For his part, Busio has seemingly been unfazed, having carried on making his mark with Sporting KC and, now, the USMNT.
“That stuff will figure itself out, I think. I have people around me who can handle that for me,” Busio said. “My main focus is just on playing soccer, and right now I'm focused on the Gold Cup and playing as well as I can.”
Good things have happened for Busio in the years since that pre-season trip. His steady rise has seen him climb higher and higher, surpassing expectations while creating new ones along the way. And now, he is pushing towards a new level, one loaded with senior internationals and European stars.
In Vermes' eyes, he's more than ready for it.

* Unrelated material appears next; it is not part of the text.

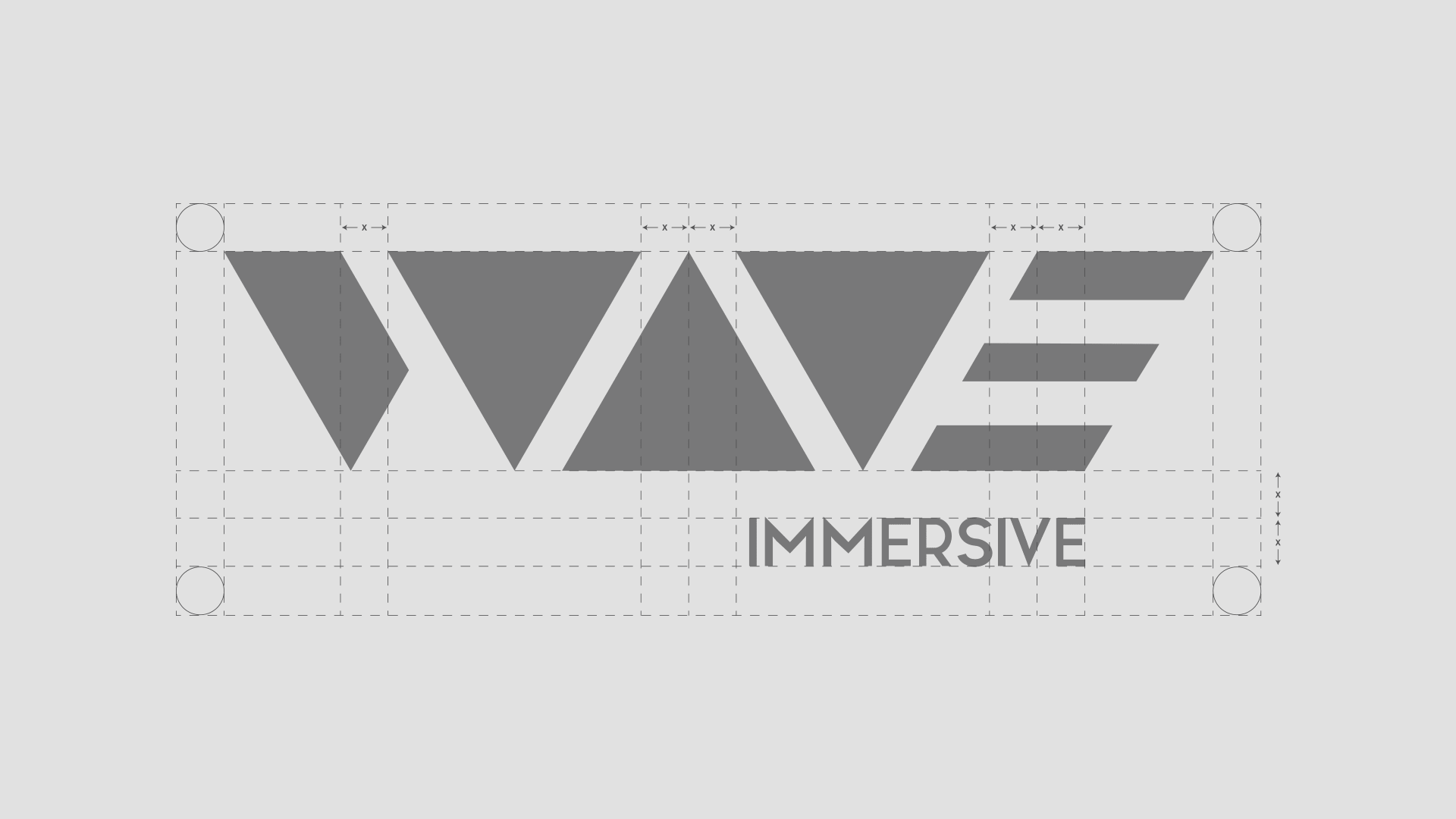 Wave Immersive Logo Clear Space | JD Salvadore | Graphic Design | London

"He doesn't get mixed up in what club is going to buy him and understands that everything is centered around him playing well," Vermes says. "I think he's a person of the present. He just really understands the situation and he just loves the game, which is a big piece of why he is who he is.
"He really loves the game. He knows the game of soccer internationally, follows the Champions League, follows everything and he's very aware of how he fits into that landscape and what he wants as a player.
"He's a kid that I know is going to hit an incredibly high ceiling. His ceiling is incredibly high because of what I have seen him do over the last four years or five years,
"It's been a consistent progression and evolution in his play that has been just nothing but positives."